In all, my book stems from a place of love: love for each one of us who is experiencing life, its challenges and celebrations, each in our unique way. Love for humanity, for we are all the same in many ways. Love for life because of the great mystery that made us all be alive in this very moment.

This is the mission for the book. And I wanted to tell the story in a contained, compact form— with a beginning, a middle and an end. Of course, the story never ends, and I will keep my readers informed here on my blog. There are some interesting facts that I will write about, for example, about the ongoing prosecution and court drama of those who killed Steve. Watch this space for more!

The Vision

Oh, and I also have a vision for the book. The mission is the motivation. The vision for me is more of a longer-term goal. My vision is that someone— it needs just one person—will read the book or hear about it and inspiration will strike them to make a movie about it.

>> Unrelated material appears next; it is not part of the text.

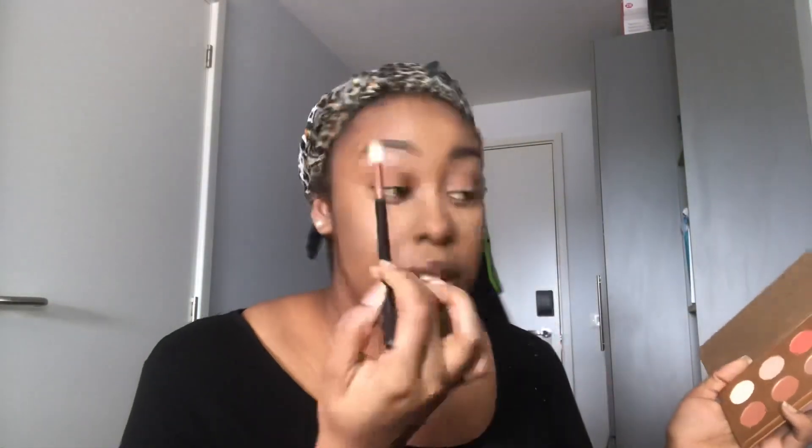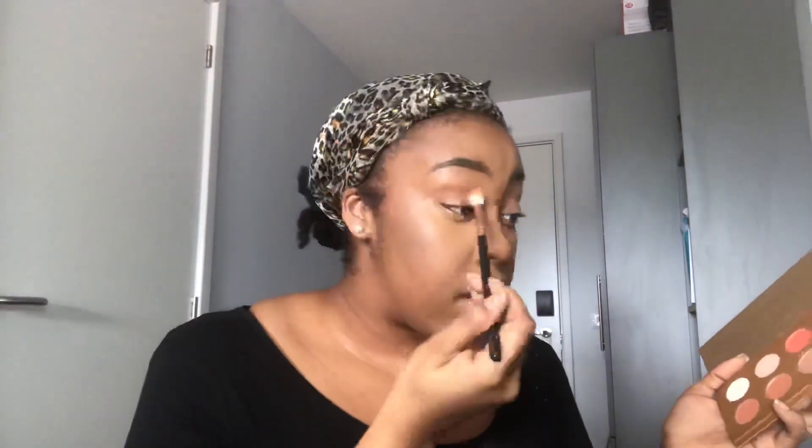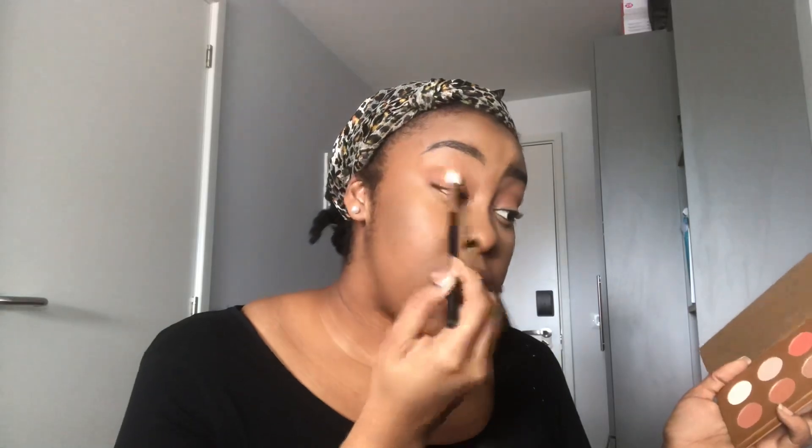Now for eyeshadow. I picked up my Zoeva Caramel Belange palette because I haven't used it in a while. I'm going to take a fluffy Morphe R40 brush and take the shade 'Stat Soft.' On a day-to-day basis, I typically just have a crease shade like this really blown out, and sometimes nothing on the lid. That's really all I'm going to do with the lid today.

I imagine it as the story of a heroine, of homecoming, of overcoming the greatest obstacles. Questions—like gun violence, cancer, compassion, empathy, illness, grief—all that will be addressed in one movie, and people will leave the movie theater or turn off their gadgets after watching this movie with a renewed sense of the preciousness of life, also with sadness, but overall with the courage to start the new day tomorrow, with a new perspective, and perhaps even with more love. (I imagine I would be played by German actor Sandra Hüller of recent Academy Awards fame, but Steve? Who could possibly embody him?)

I’ve put myself and my precious lifetime wholeheartedly into service of the greater mission and the greater vision of this book. Why else would I sit at the computer in paradise in Costa Rica or my favorite island in Germany and spend several years creating something if I wasn’t in service of the divine that manifests missions and visions?

After all, my spiritual name, Deva Lokita, means “in the presence of the divine.” I believe my book is a representation of that, and may you be touched by the presence of the divine as much as I have been touched by it in my life.

PS. Stay tuned! The Story of My Book: Part 3, about my audiobook adventure, is coming soon. ♥

“You become more divine as you become more creative. All the religions of the world have said God is the creator. I don’t know whether he is the creator or not, but one thing I know: the more creative you become, the more godly you become. When your creativity comes to a climax, when your whole life becomes creative, you live in God. So, he must be the creator because people who have been creative have been closest to him. Love what you do. Be meditative while you are doing it – whatsoever it is.”

© Osho, gratefully excerpted from The Book of Understanding: Creating Your Own Path to Freedom

7 replies
  1. Todd Kaufmann
    Todd Kaufmann says:

    You are an example and inspiration to those that we call human, facing adversity and hardship, that what appears to hit bottom, the uncanny ability to pull force, the inner strength to come back up and overcome the challenges that might seem devastating, to grow and be an example for others to know their own abilities of creating.